Langton's Ant

Behaviour

Langton's Ant is a 2D cellular automaton invented by Chris Langton in 1986. It consists on an infinite 2D square grid of white squares and an ant that follows these simple rules:

On a white square, the ant turns 90º clockwise, changes the square's color to black, and moves forward one square.
On a black square, the ant turns 90º counter-clockwise, changes the square's color to white, and moves forward one square.

Animation of the first 200 steps of Langton's Ant

Initially, the ant travels chaotically in a blob-like pattern, but after around 10,000 steps, it begins to form a predictable pattern that repeats every 104 steps.

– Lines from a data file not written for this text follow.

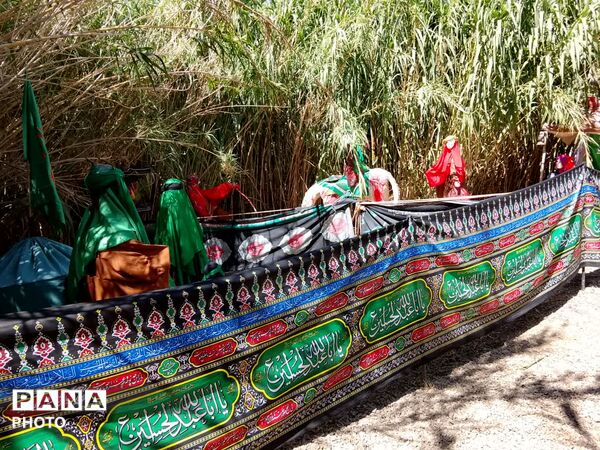 برپایی نمایشگاه «غنچه‌های خونین» در باقرآباد قم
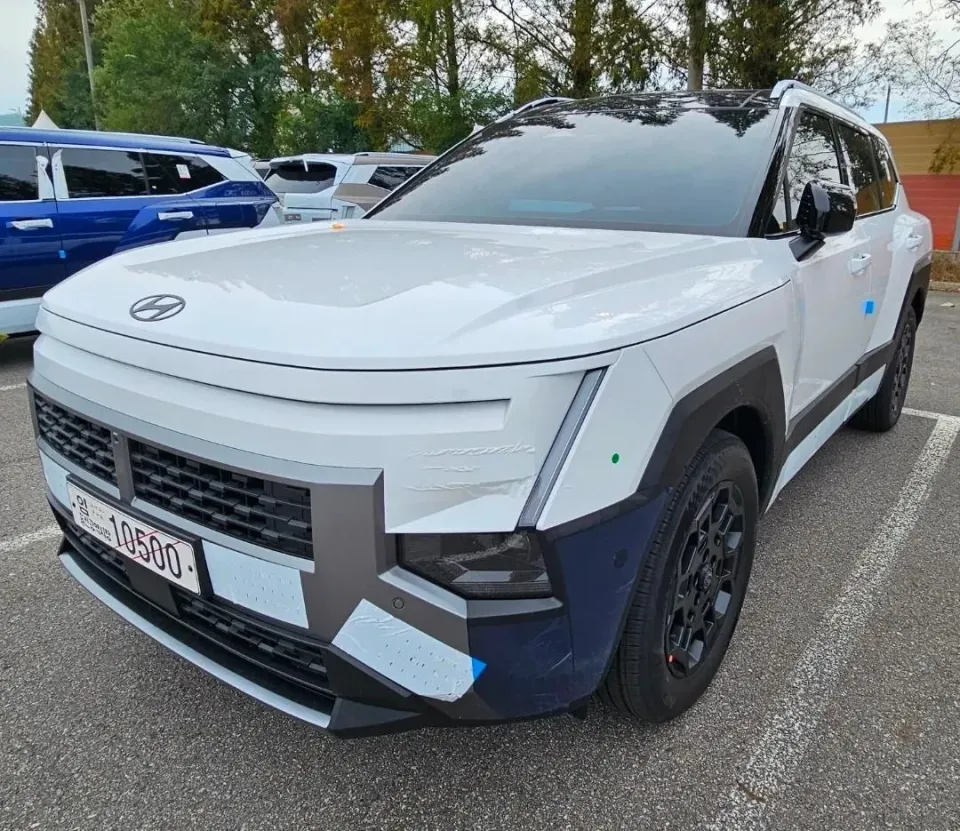 The front of a white 2027 Hyundai Tucson XRT with black and blue trim in South Korea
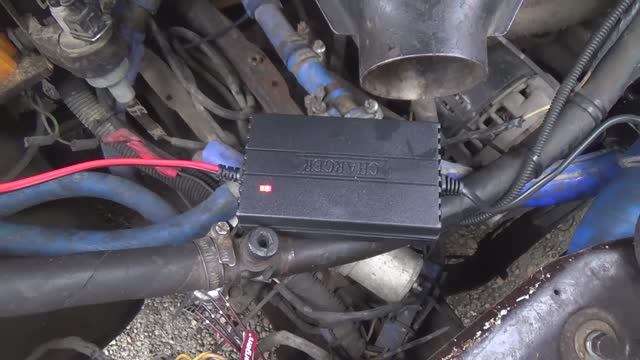 Испытываем зарядное устройство за 300 рублей для мощного АКБ-75Ач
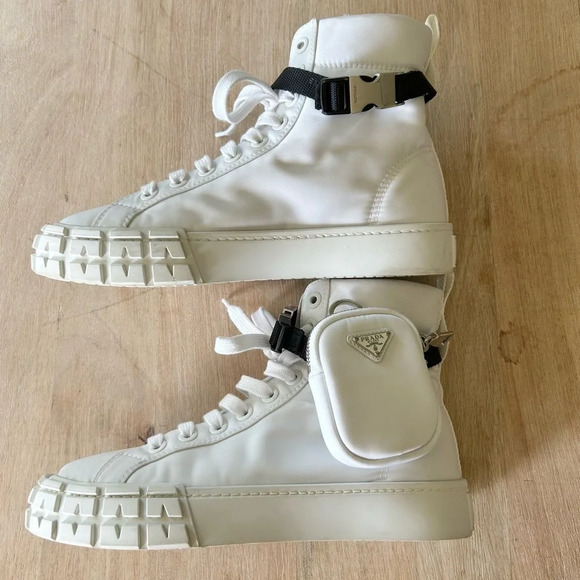 Authentic Prada Wheel Zipped-Pouch High Top Re-Nylon Trainers in White - Picture 8 of 12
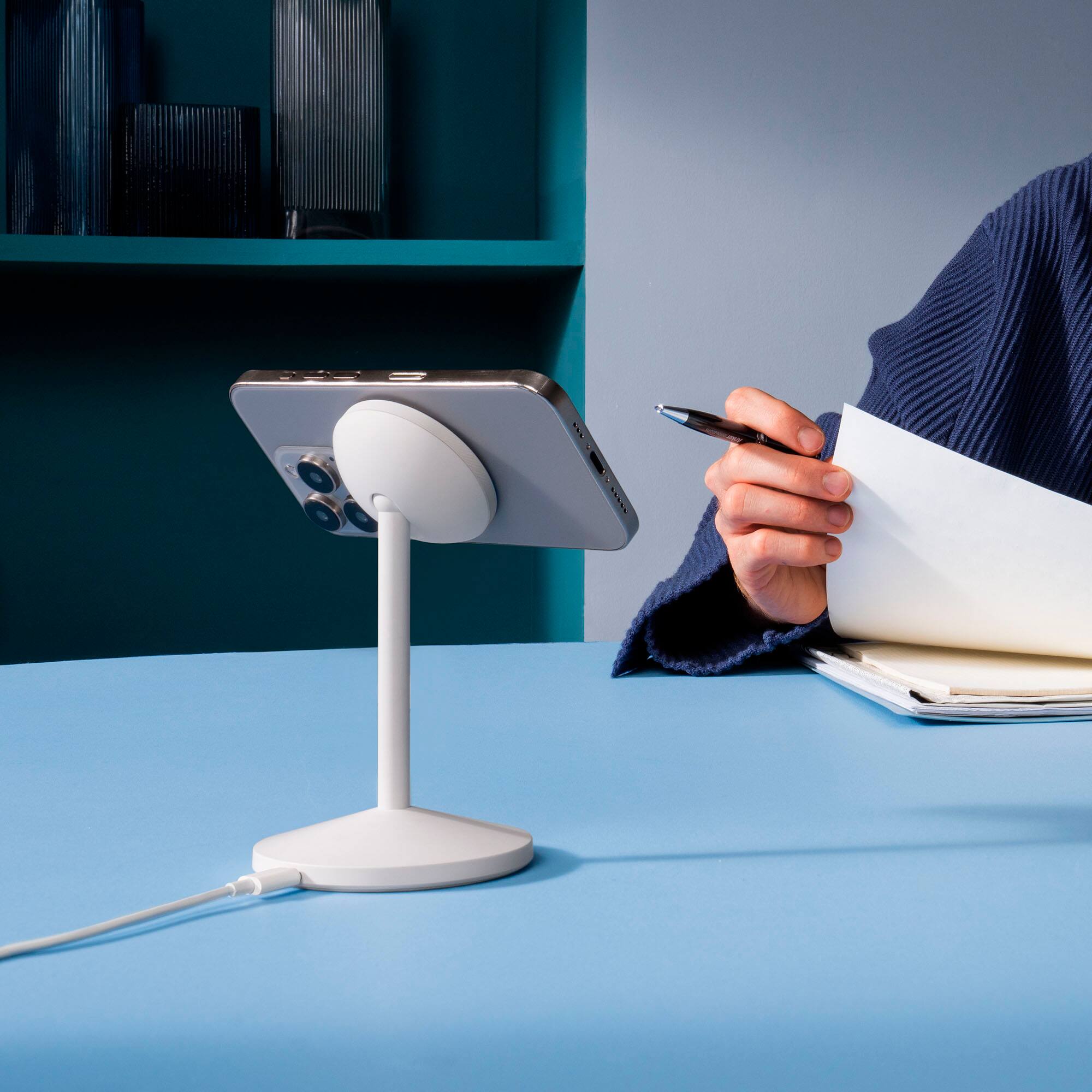 Back. Anker - MagGo 15W Wireless Stand Charger for iPhone - White.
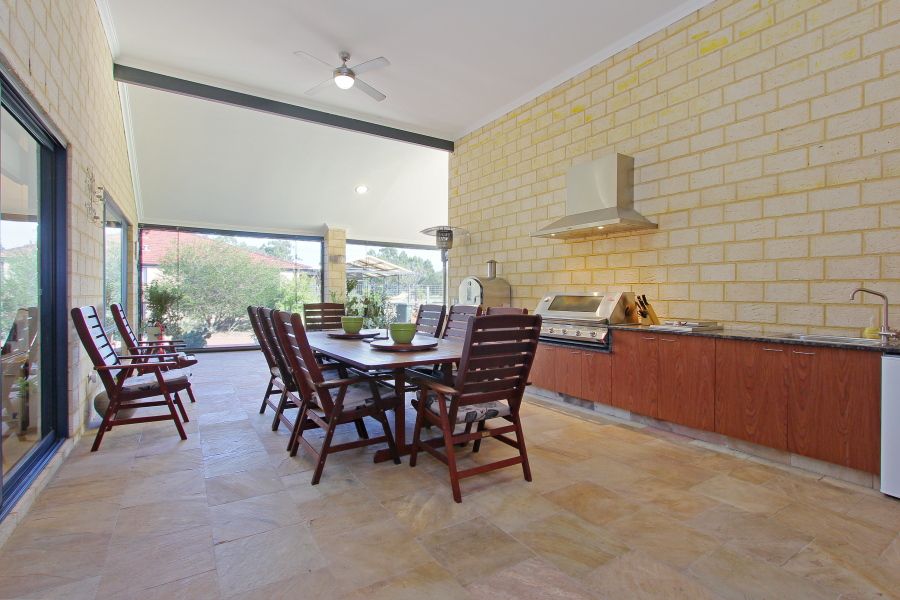 10 Smallbrook Retreat, Caversham WA 6055, Image 2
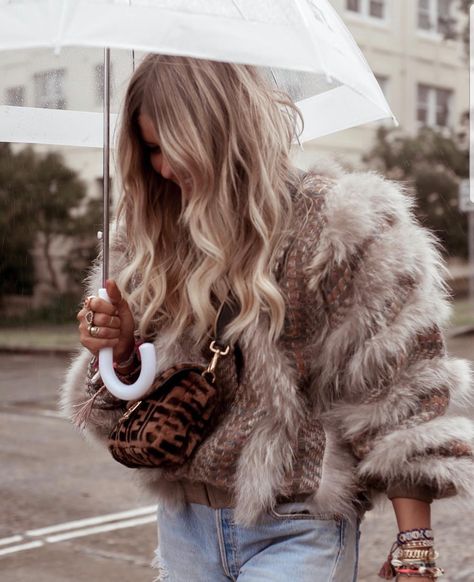 Faux Fur Coat Outfit, Fur Coat Street Style, Faux Fur Coats Outfit, Fur Coat Outfit, Elle Ferguson, Coat Street Style, Mum Fashion, Coat Outfit, Winter Boho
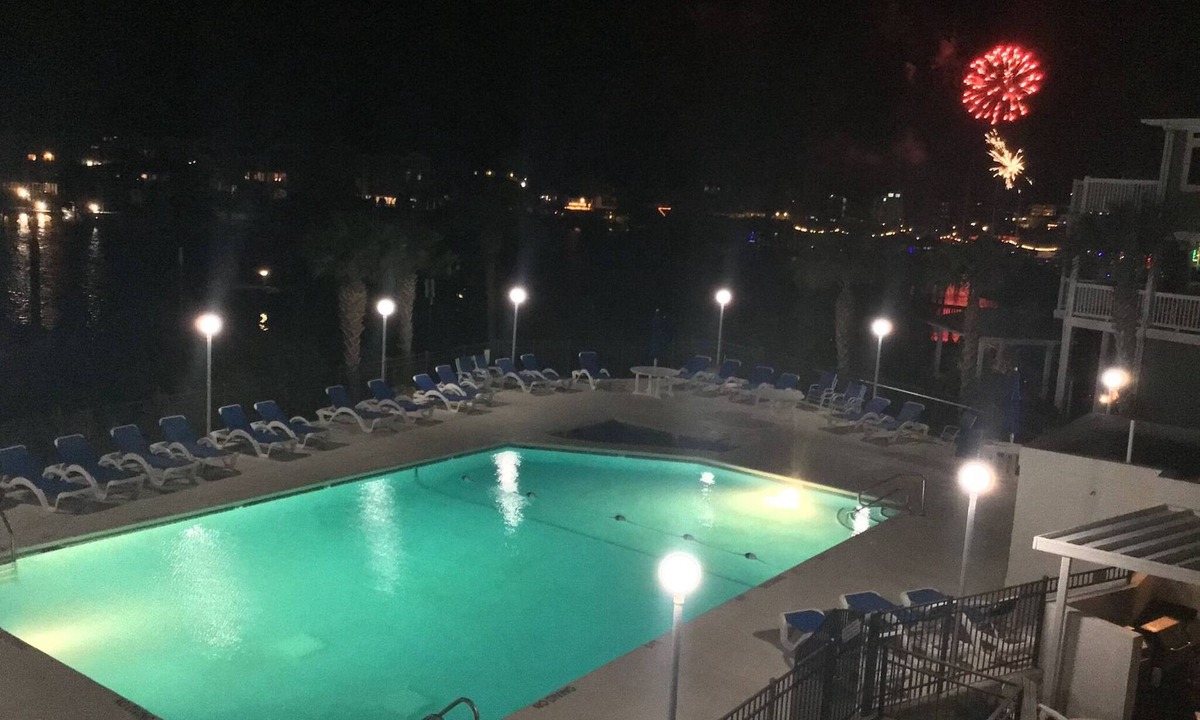 North Carolina Coast Condo | Waterfront condo, elevator, king bed, pool, meeting room, free parking H2o views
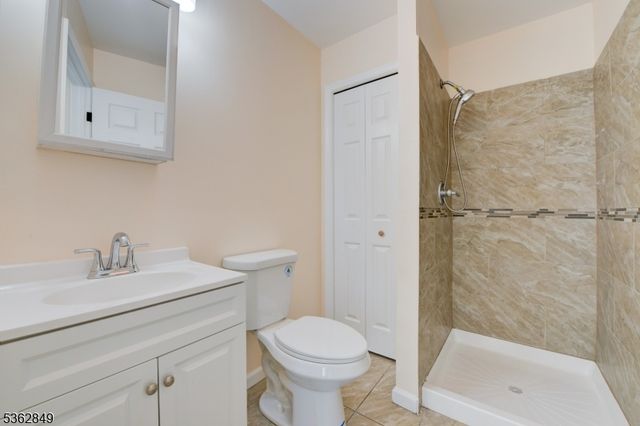 145 SO Arlington C, East Orange City, NJ 07018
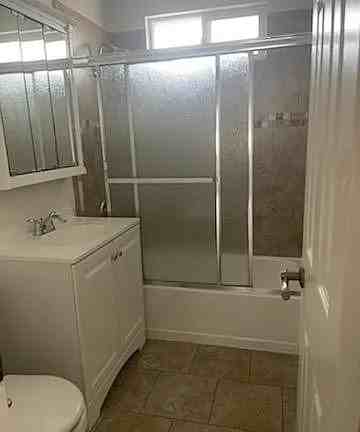 1136 W Broadway #6 - Photo 3 of 5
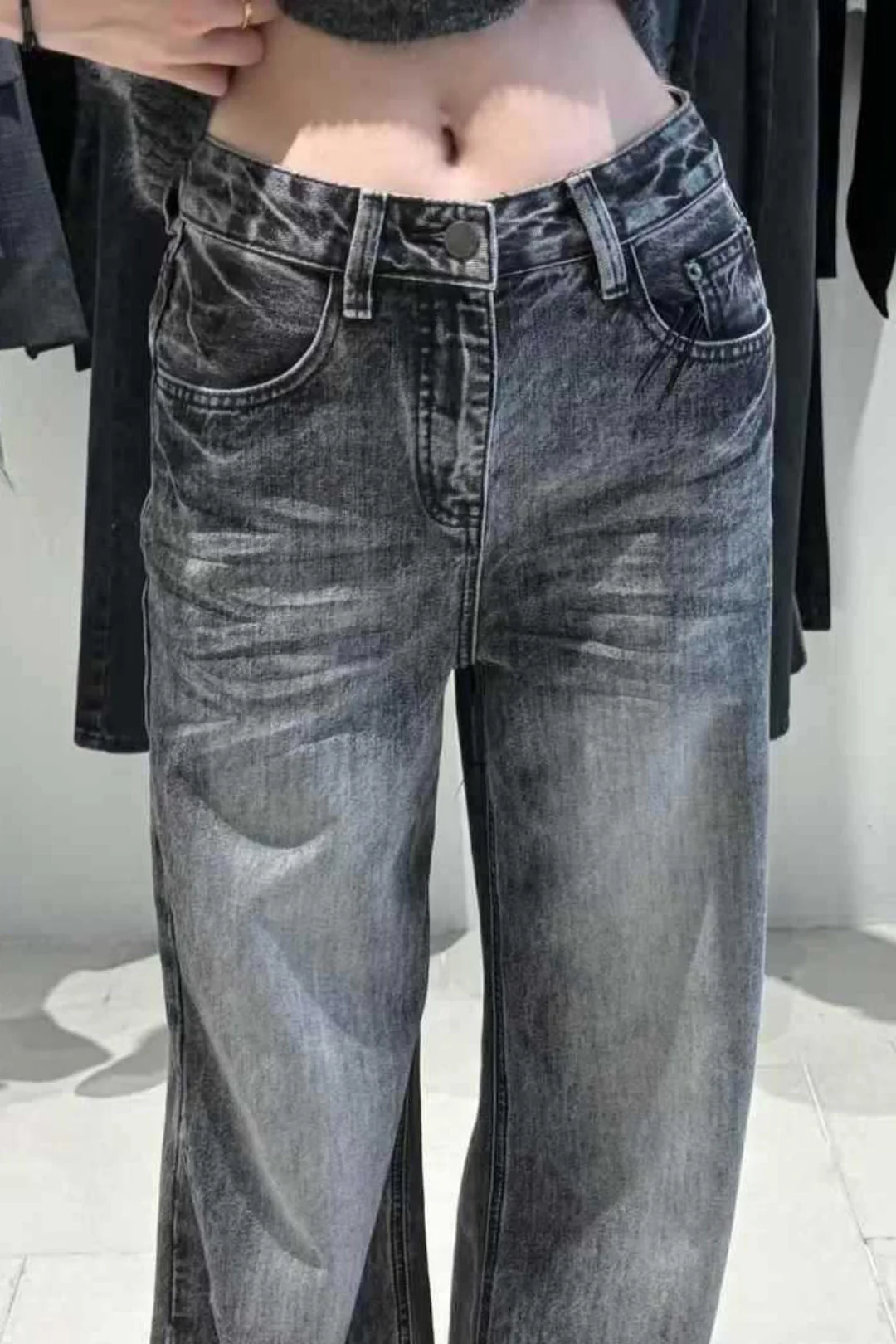 Vintage Washed Straight Wide Leg Jeans - Image 3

Patterns like this are usually referred to as highways, and it is the main purpose of this project to identify and classify them.

Multicolor extension

A simple extension to Langton's Ant is to allow more colors — from now on states — in the grid. Each time the ant passes through a square, it updates the square's state to the next one in a cyclic sequence and it turns either right or left depending on the previous state. We represent these rules as a sequence of "R"s and "L"s, where each letter indicates whether the ant should turn right or left in a given state. For example, the rule LLRR makes the ant turn left in states 0 and 1, and right in states 2 and 3.

Rule number

Another way to represent rule strings is with a rule number. To convert a rule string into a rule number, follow these steps:

If the string ends in an L, swap all the letters: RRLL → LLRR.
Convert the rule string to binary by replacing L with 0 and R with 1: LLRR → 0011₂.
Reverse the binary string and convert it to decimal: 0011₂ → 1100₂ → 12₁₀.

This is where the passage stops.